Corn: On June 23, September 2017 corn generated an intermediate term sell signal after generating a short term sell signal on June 21.
September corn lost 5.25 cents on heavy volume of 601,963 contracts. Total open interest declined by 36,764 contracts, which relative to volume is approximately 140% above average and this indicates liquidation was extremely heavy on the decline. Accounting for this was a 74,961 contract loss in July as it approaches first notice day.
The COT report released on Friday revealed that managed money liquidated 17,103 of their long positions and added 29,209 to their short positions. Commercial interests added 26,491 to their long positions and liquidated 14,931 of their short positions. As of the latest report, which was tabulated on June 20, managed money is short corn by ratio of 1.20:1, up from the previous week of 1.02:1 and down from the ratio two weeks ago of 1.52:1. Stand aside.
August gold advanced $7.00 on volume of 173,405 contracts. Total open interest declined by 2,426 contracts, which relative to volume is approximately 40% below average. This was one of the rare days that total open interest declined on the price advance. The COT report released on Friday revealed that managed money liquidated a massive 49,920 contracts from their long positions and also liquidated 1,800 contracts from their short positions. Commercial interests liquidated 555 of their long positions and also liquidated 18,838 of their short positions. As of the June 20 tabulation date, managed money was long gold by a ratio of 2.51:1, down sharply from the previous week of 3.19:1 and the ratio two weeks ago of 3.62:1.

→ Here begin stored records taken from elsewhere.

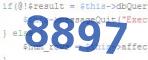 If you have trouble reading the code, click on the code itself to generate a new random code.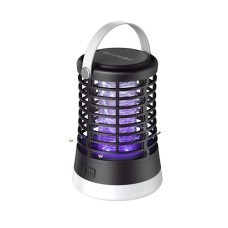 BlitzWolf BW-MLT1 Outdoor Mosquito Killer Lamp with UV Light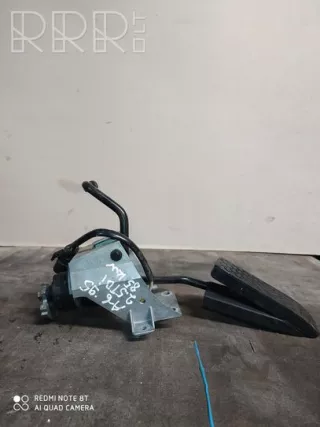 0205001532, 058, 56702593 , artEDI9938 Педаль газа Audi A6 C4 (S6,RS6) Арт EDI9938, вид 2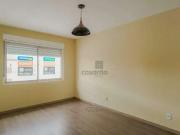 Apartamento para Locação em Pelotas/RS Fragata 2 Quartos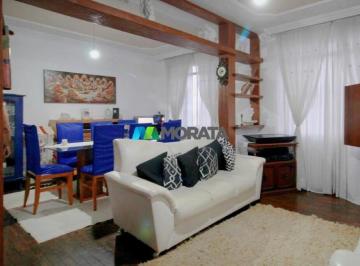 7946_ij48gn4Ss8a_7946680a858c44307.jpg · Imoveis - em São Lucas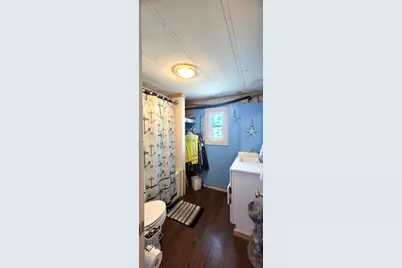 [Address not provided], Livermore Falls, ME 04254 - Photo 15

As this report is being compiled on June 26, the August contract is trading $10.40 lower on the day and has made a daily low of 1236.50, which is the lowest print since 1233.60 made on May 16. On June 15, OIA announced that August gold generated a short term sell signal and an intermediate term sell signal on June 20. Although we think gold will be a solid play on the long side down the road, it is imperative that the dollar index reverse the buy signal generated on June 20 before a rally can be sustained in earnest. On the equity side, we like Royal Gold (RGLD), which is a royalty company, not a miner.
The September euro advanced 50 pips on volume of 129,171 contracts. Though volume was light, the total open interest increase was heavy, up 5,826 contracts, which relative to volume is approximately 75% above average. This indicates that new buyers were rushing into the euro and pushing it to a high of 1.1260.
As this report is being compiled on June 26, the September contract has made a fractional new high of 1.1271 above Friday’s print. The COT report revealed that leverage funds liquidated 2,241 of their long positions and added a massive 22,735 to their short positions. As of the June 20 tabulation date, leverage funds were short the euro by a ratio of 1.25:1, up from the previous week of 1.19:1 and the ratio two weeks ago of 1.19:1.
While we like the euro in the intermediate term, we cannot discount the possibility of a move higher from here despite the over bought condition. However, we prefer to remain on the sidelines wait for a possible correction to the 50 day moving average of 1.1123. This is a level at which we would feel comfortable recommending light bullish positions and add to these after a new short term buy signal is generated.
On June 12, the NASDAQ 100 cash index generated a short term sell signal and NASDAQ 100 futures (September) generated a short term sell signal on June 16. Remarkably, though the NASDAQ 100 has had a rally from the low, it has not been able to reverse these sell signals. As this report is being compiled on June 26, the September NASDAQ 100 contract is trading 15.00 points lower after rallying to a high of 5862.00 in the early going, it has now reversed sharply.
We think the action in the Nasdaq 100 could be a harbinger for the rest of the market, another concern is that Apple is currently on short and intermediate term sell signals. Because Apple is a benchmark stock for the NASDAQ 100, the fact that it is on short and intermediate term sell signals reinforce the likelihood of additional weakness ahead. No recommendation.
From the June 12 note on the Nasdaq 100:
“Nasdaq 100 (cash index): On June 12, the NASDAQ 100 cash index generated a short term sell signal and remains on an intermediate term buy signal.”
“This is the first time a short term sell signal has occurred in the NASDAQ 100 during calendar year 2017. During mid-May, the S&P 400, New York Composite, Russell 2000 and Dow Jones Industrial Average generated short term sell signals, but, the NASDAQ 100 and S&P 500 remained on buy signals.”
“For confirmation, we want to see the June/September NASDAQ 100 futures generate a short term sell signal. This will occur in the June contract if the daily high is below OIA’s key pivot point for June 13 of 5725.67. The reason futures has not generated a sell signal is because they trade almost 24 hours a day, which enables the index to expand its range in the overnight session.”
“If a sell signal in NASDAQ 100 futures is confirmed, in our view it would be extremely negative for the market as a whole. The NASDAQ 100 cash index should find support at the 50 day moving average of 5620.49, which is approximately 126 points below the current price of 5746.70.”